We actively support the following versions of Espresso.js with security updates:
| Version | Supported | End of Life |
|---|---|---|
| 4.x | ✅ Yes | TBD |
| 3.3.x | 2025-06-01 | |
| < 3.3 | ❌ No | Ended |
We take security vulnerabilities seriously. If you discover a security issue, please follow these steps:
DO NOT open a public GitHub issue for security vulnerabilities.
Instead, please report security issues privately:
- Email: security@vimedev.com
- Subject:
[SECURITY] Espresso.js - Brief Description - Include:
- Description of the vulnerability
- Steps to reproduce
- Potential impact
- Suggested fix (if any)
- Your contact information
Subject: [SECURITY] Espresso.js - [Brief Description]
**Vulnerability Type**: [e.g., XSS, SQL Injection, etc.]
**Affected Versions**: [e.g., 4.0.0, 3.3.6]
**Description**:
[Detailed description of the vulnerability]
**Steps to Reproduce**:
1. [Step 1]
2. [Step 2]
3. [Step 3]
**Impact**:
[What can an attacker do with this vulnerability?]
**Suggested Fix** (optional):
[Your recommendation]
**Reporter**: [Your name/handle]
**Contact**: [Your email]
- Initial Response: Within 48 hours
- Vulnerability Assessment: Within 5 business days
- Fix Development: Depends on severity (see below)
- Public Disclosure: After fix is released (coordinated with reporter)

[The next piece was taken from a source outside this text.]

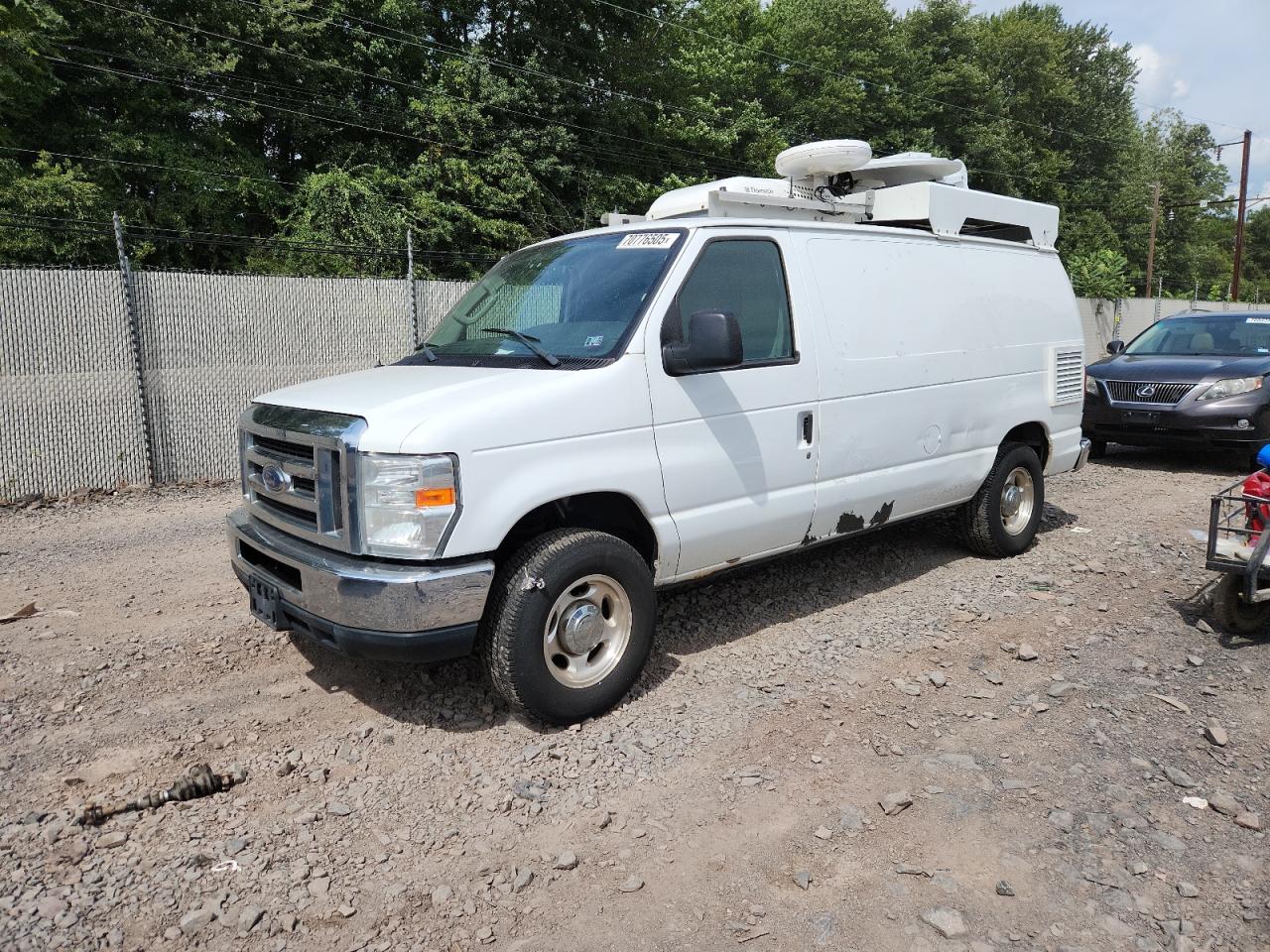 FORD ECONOLINE E350 SUPER DUTY VAN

| Severity | Response Time | Examples |
|---|---|---|
| Critical | 24-48 hours | Remote code execution, authentication bypass |
| High | 3-5 days | SQL injection, XSS, privilege escalation |
| Medium | 1-2 weeks | CSRF, information disclosure |
| Low | 2-4 weeks | Minor information leaks, DoS |
- Acknowledgment: We confirm receipt of your report
- Investigation: We verify and assess the vulnerability
- Fix Development: We develop and test a patch
- Coordinated Disclosure: We work with you on disclosure timing
- Release: We release a security patch
- Advisory: We publish a security advisory
- Credit: We credit you in the advisory (if desired)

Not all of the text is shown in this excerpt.